With the dramatic expansion of Cuomo’s emergency pandemic powers, Blasio’s independence from Albany has been further curtailed.
“The state legislature must immediately revoke the governor’s emergency powers that nullify local control,” de Blasio said in a statement on Sunday, as he called for two separate independent inquiries into the sexual harassment and nursing home allegations.
After a former aide, Charlotte Bennett, told the New York Times the governor asked him about his sex life and told him he was open to dealing with younger women, Cuomo admitted to “being playful” and teasing employees about their personal lives in a way that could be interpreted as unwanted flirtation. “As far as anyone felt that, I’m so sorry,” he said.
De Blasio was quick to reject the governor’s attempt at mea culpa.

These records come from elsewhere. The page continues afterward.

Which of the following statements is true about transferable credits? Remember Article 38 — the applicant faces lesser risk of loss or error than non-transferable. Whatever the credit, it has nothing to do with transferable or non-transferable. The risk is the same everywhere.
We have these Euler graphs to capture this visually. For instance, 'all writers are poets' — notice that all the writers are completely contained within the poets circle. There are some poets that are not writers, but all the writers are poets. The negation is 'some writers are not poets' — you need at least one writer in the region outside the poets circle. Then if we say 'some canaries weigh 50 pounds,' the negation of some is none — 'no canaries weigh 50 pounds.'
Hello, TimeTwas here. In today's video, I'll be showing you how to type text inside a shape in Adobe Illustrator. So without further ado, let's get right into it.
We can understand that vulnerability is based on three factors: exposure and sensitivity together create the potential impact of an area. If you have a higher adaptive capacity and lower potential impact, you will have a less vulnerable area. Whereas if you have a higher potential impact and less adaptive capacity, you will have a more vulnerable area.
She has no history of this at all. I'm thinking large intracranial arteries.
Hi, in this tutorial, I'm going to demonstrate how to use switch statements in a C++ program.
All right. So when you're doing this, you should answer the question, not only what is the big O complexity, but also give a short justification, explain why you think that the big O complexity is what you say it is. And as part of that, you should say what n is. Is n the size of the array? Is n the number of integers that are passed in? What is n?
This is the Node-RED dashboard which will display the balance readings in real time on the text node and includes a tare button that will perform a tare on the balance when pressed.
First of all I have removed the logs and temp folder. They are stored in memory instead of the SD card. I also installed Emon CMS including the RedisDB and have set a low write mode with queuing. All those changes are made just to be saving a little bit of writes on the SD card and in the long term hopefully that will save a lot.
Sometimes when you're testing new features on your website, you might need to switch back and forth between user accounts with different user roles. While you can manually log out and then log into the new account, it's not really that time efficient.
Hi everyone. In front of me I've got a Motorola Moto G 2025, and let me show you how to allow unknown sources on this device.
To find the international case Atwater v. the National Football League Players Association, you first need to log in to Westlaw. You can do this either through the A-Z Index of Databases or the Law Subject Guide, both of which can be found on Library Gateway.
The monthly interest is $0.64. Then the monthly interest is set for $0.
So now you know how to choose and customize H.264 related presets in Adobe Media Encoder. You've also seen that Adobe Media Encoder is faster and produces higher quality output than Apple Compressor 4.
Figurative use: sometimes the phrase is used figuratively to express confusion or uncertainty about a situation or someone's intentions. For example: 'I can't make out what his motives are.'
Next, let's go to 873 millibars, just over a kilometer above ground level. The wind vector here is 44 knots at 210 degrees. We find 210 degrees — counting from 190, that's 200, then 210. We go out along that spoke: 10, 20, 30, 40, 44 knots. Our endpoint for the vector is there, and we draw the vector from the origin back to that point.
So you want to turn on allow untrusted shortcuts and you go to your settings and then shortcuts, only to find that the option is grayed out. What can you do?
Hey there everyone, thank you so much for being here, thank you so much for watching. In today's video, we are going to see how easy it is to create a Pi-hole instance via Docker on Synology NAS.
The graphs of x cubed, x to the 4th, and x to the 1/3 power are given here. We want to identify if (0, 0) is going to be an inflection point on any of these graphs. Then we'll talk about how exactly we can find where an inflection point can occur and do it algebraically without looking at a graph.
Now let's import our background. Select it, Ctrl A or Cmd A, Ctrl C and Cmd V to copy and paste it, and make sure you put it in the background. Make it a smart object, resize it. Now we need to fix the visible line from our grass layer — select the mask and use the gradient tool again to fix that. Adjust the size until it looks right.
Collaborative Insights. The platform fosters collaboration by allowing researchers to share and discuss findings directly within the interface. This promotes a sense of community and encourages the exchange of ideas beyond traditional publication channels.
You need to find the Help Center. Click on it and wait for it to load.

“These are not excuses,” he said on Monday. “He seemed to be like, ‘Oh, I was kidding.’ You know, sexual harassment is no fun. It is serious. It must be taken seriously. “
In daily press conferences that continued even when Cuomo retired behind closed doors for over a week and counting, as well as several national television appearances, de Blasio has been equally harsh on Cuomo’s handling of the nursing home crisis.
Some 15,000 residents of nursing homes and assisted living facilities in New York City have died from the virus – figures that were not released until after State Attorney General Tish James released an investigation concluding that the state underestimated nursing deaths by 50%, failing to include those who died in hospitals. .
Cuomo’s senior aide told lawmakers the administration had “frozen” and withheld the data for fear it would be used against them by the Trump administration, sparking further outcry. It remains unclear to what extent Cuomo’s policy requiring nursing homes to admit Covid-positive patients contributed to the death toll.
“Thousands of lives lost. We still don’t know why. We still do not know to what extent the truth has been covered up. We still don’t know how much of it may have been due to the influence of the nursing home industry’s election contributions, a very powerful industry. There is so much to discover here, ”said de Blasio, who himself has faced several allegations of favors to campaign donors, said Monday on CNN.
“I don’t see how anyone can function as a governor and have the trust of the people and the respect of the people, if they have deliberately covered up the deaths of thousands of our elders, our elders, family members, members of the beloved family who have left, ”he added.
Joe Anuta and Amanda Eisenberg contributed to this report.